Consider how this plays out in a real-world scenario like platform migration. While a spike on session limits might confirm server needs, it can also reveal scaling constraints, challenge outdated assumptions, and reshape service boundaries.

On a platform migration I worked on with colleagues, a spike confirmed that we could push beyond a default limit for write transactions but also that the new platform would not match the throughput of the legacy system it was replacing. That was expected, but confirming it early allowed design conversations to start sooner rather than later.

That’s systems thinking: understanding how local choices ripple through your entire architecture and using that insight to build smarter.

Tactical vs. Strategic

I think about spikes in two categories. Tactical spikes solve a specific problem: “Can this system handle our TPS?” Strategic spikes reveal broader issues: “Are our service boundaries in the right place?”

The best technical leaders don’t just solve today’s problem. They see the whole system and investigate how to improve it.

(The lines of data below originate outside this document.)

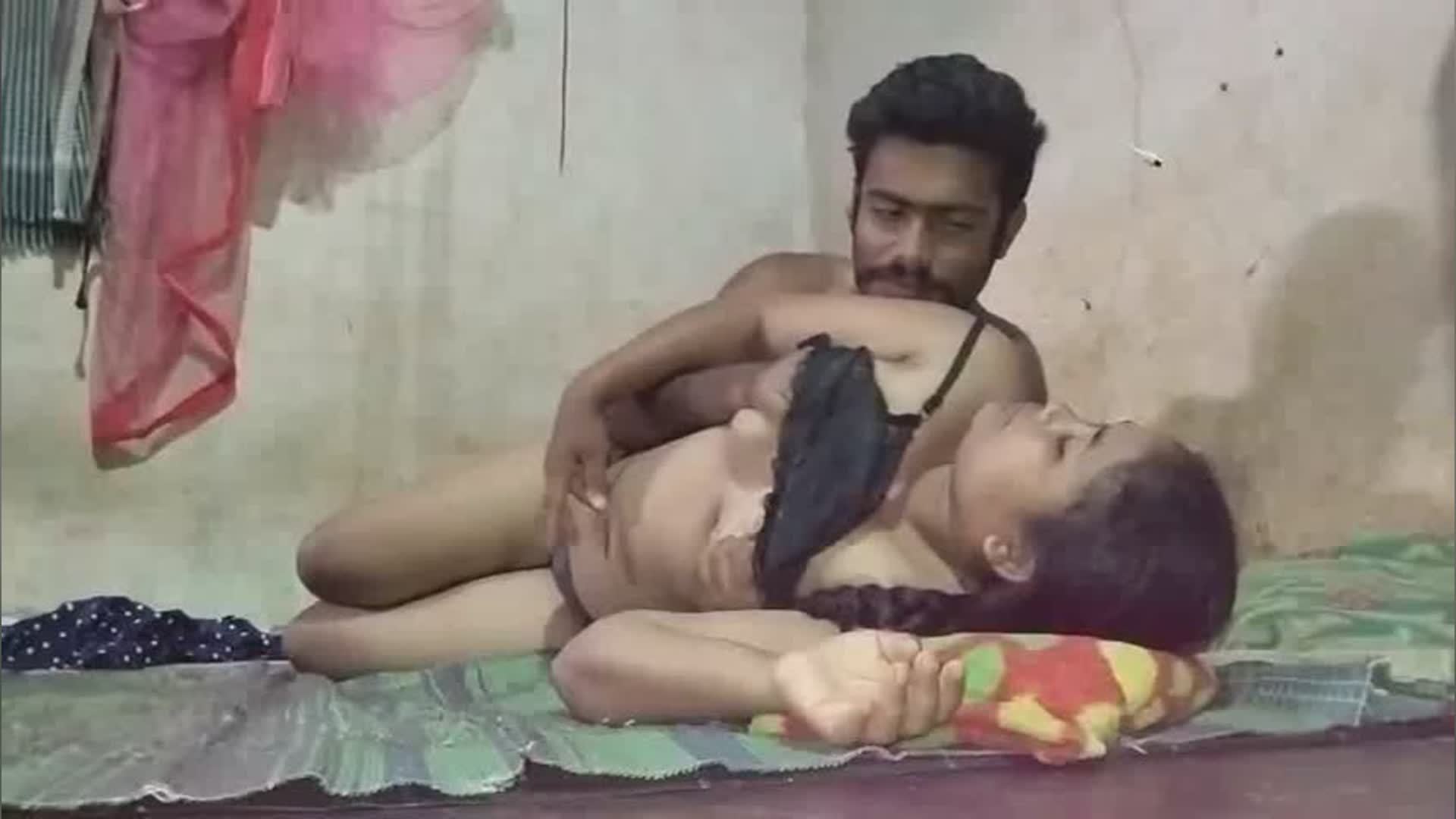 Ulti Leti Bhabhi Ki Jawani Devar Ne Loot Li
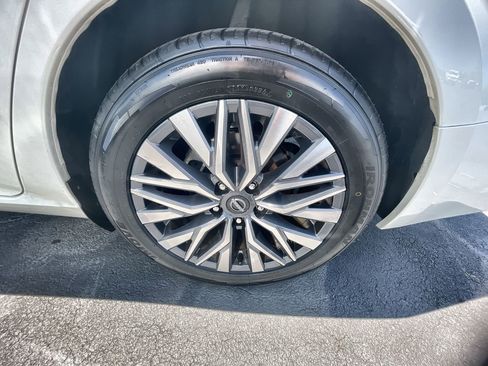 Used 2023 Nissan Altima 2.5 SV FWD image 30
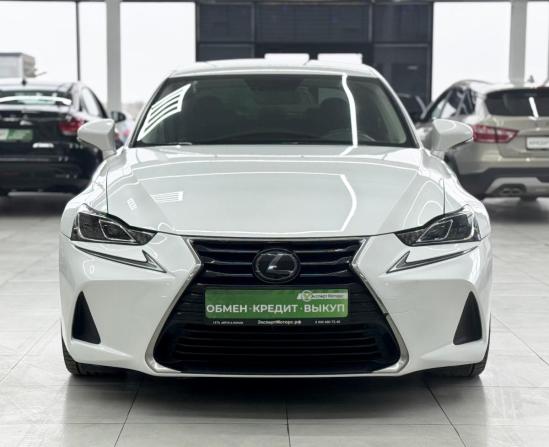 Lexus IS III Рестайлинг с пробегом 2018 года, цена 2 399 000 рублей, 135823 км, седан, Автокод Объявления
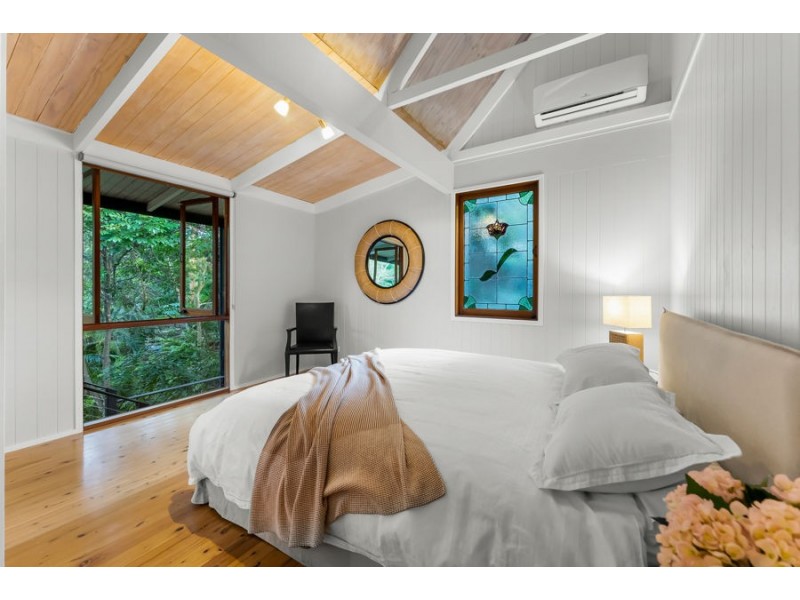 14 View Crescent, Arana Hills QLD 4054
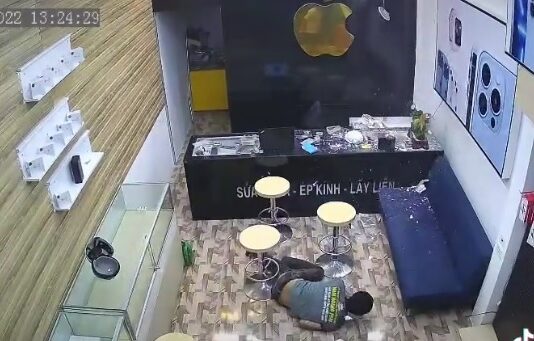 Trần nhà bất ngờ rung lắc dữ dội rồi rơi xuống từng mảng kèm theo một… nam thanh niên “xuyên không” khiến 2 bố con hoảng loạn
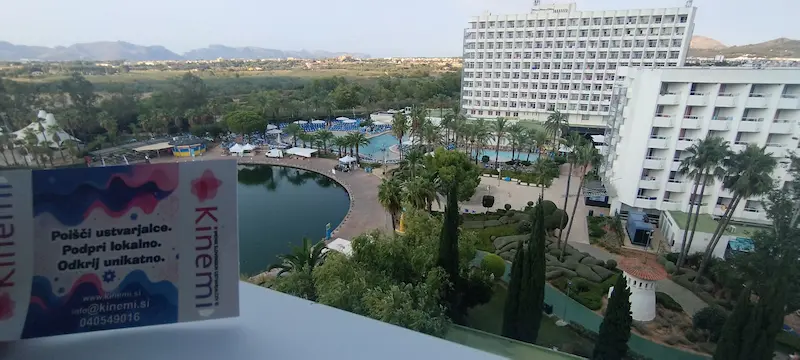 Kartica Kinemi na balkonu hotela Club Mac Mallorca med jutranjim ustvarjanjem.
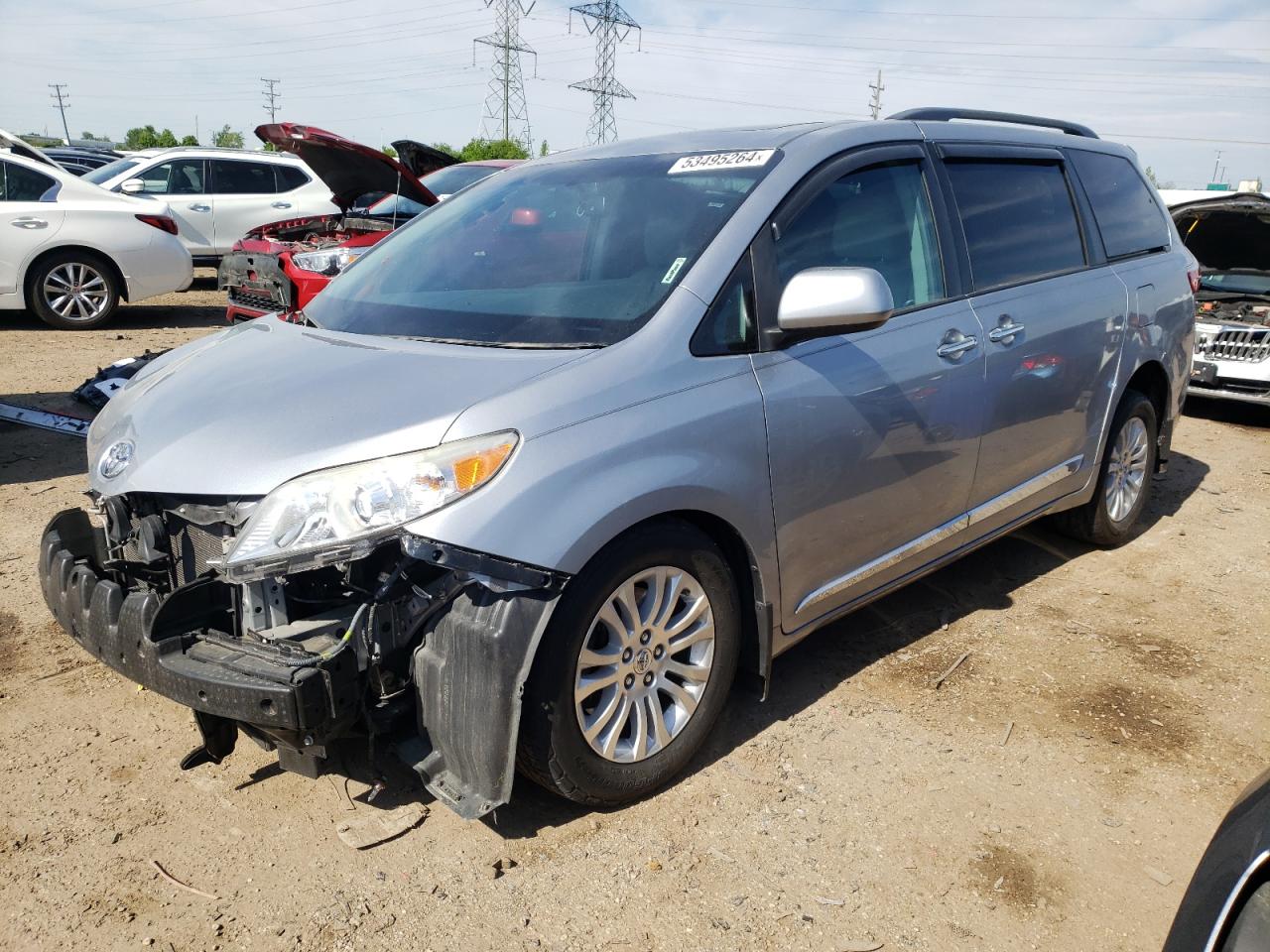 2017 TOYOTA SIENNA XLE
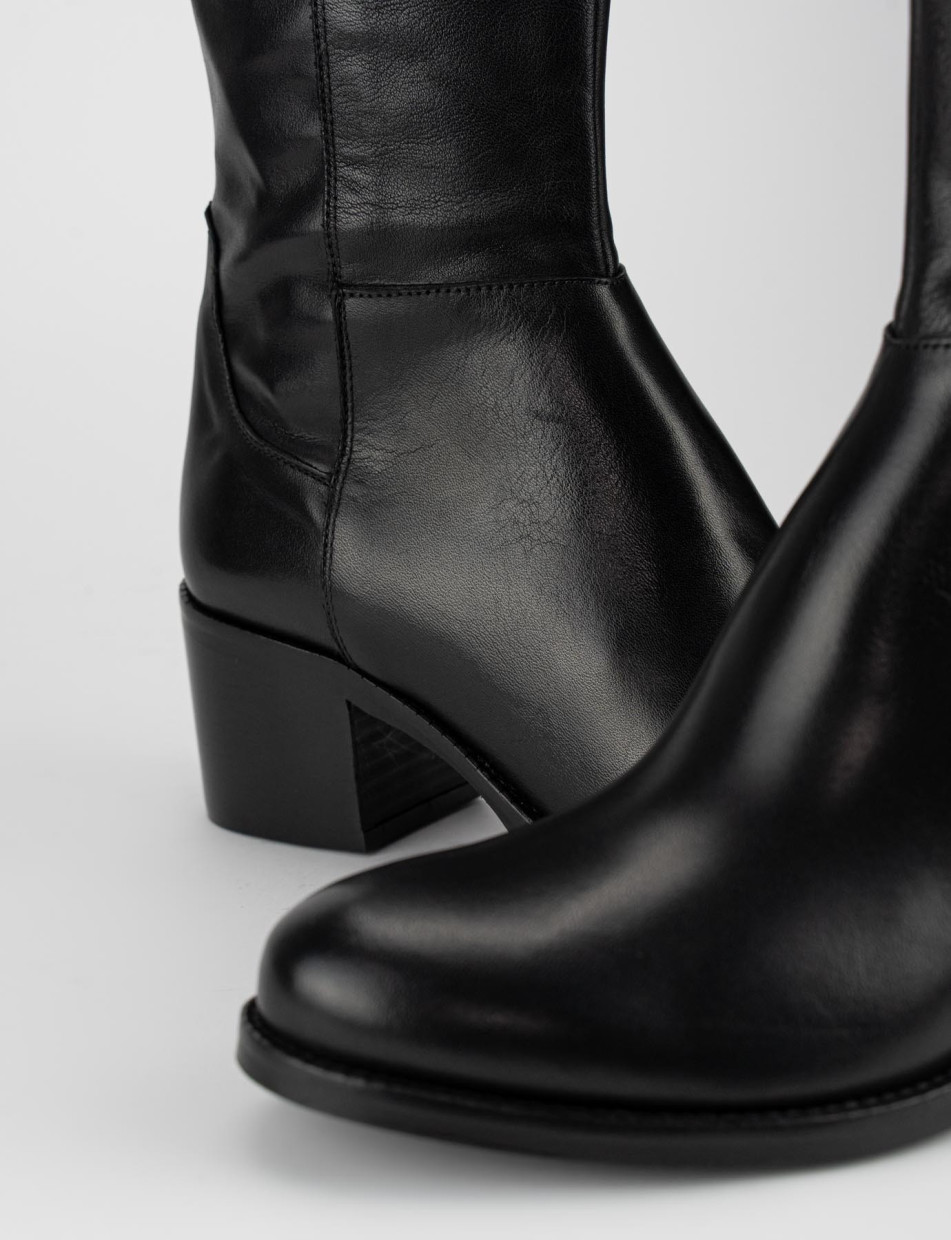 stivale tacco 5 cm nero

A few questions before you start a spike:

  • What assumption are you testing? If you can’t name it, the spike will wander. What is the definition of done?
  • What would change your mind? Define the outcome that would alter your direction. Otherwise you’re confirming, not discovering.
  • Who needs the result? A spike that doesn’t reach the decision-maker is wasted work. Plan the audience before you plan the experiment.

You don’t have to be perfect. The goal of a spike is often “horseshoes and hand grenades” work: you can’t reproduce production exactly, but you can determine whether the best case gives you a signal about whether you’ll need to redesign anything.